I am pretty sure that monitor needs to be higher than that. What I learned from some office ergonomics person is that when you sit and look straight you should look a bit lower than the upper edge of the screen, that way you can see the rest by looking slightly downwards. The person in the image is already looking down to see the top of their screen, they have to look further down to see all of it.

[–] [email protected] 17 points 2 days ago

when we had a doctor visit in my last job, she said everything should be at an angle of 90° and you shold mostly look directly forward. of course that was never possible with tables and seats that were from the 80's and adjustments were stuck or broken.

[–] [email protected] 41 points 2 days ago (3 children)

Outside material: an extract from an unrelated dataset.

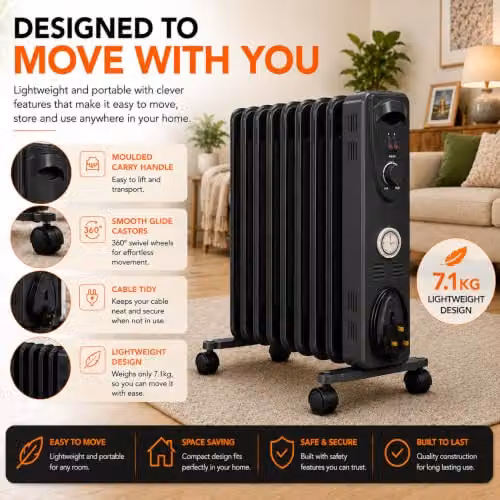 Mylek 2000W Oil Filled Radiator in Black and Grey, Freestanding Metal Heater with Thermostat, Tilt Protection and Overheat Protection, H 63 cm x W 39 cm – 4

Dude I sit in like 17 completely different positions an hour

[–] [email protected] 26 points 2 days ago

Changing position often is actually pretty good. But a healthy main position os also important.

[–] [email protected] 11 points 2 days ago (1 children)

This is actually closest to the best thing lol.

Our bodies are meant to move, not sit statically even with "perfect" posture. By fidgeting, slouching, sitting tall, leaning, and all kinds of variations we're responding to feedback from our bodies. Keep listening and keep moving!

[–] [email protected] 5 points 2 days ago

This. Also, it actually takes a lot of muscle and endurance to maintain proper sitting posture for any length of time. You need to move and stretch just to keep from cramping up.

[–] [email protected] 3 points 2 days ago

Same, and none of them are even remotely close to the top 2.

[–] [email protected] 16 points 2 days ago (2 children)

"Yes" will give me a bastard of a tension headache everytime, so no.

[–] [email protected] 5 points 2 days ago* (last edited 2 days ago)

Exactly. I think this advice has everything to do with how far your eyeballs are from the seat of your chair, assuming good posture.

As a tall-ish person, the "standard" position for a laptop screen or old-school CRT absolutely tears my rear neck muscles up. Eyeglasses have a lot to do with this, as the focal point is dead-ahead, so I have to crane my whole noggin down to see clearly. This all creates headaches by referring pain to my scalp and, strangely, sinuses and eye sockets. I might be okay with looking down past my nose with bifocals, reading glasses, or contacts as the illustration shows, but here we are.

I'm in an in-between camp because of the above. Good posture, chin up, looking dead ahead to an elevated screen through glasses. This also works in the standing position too.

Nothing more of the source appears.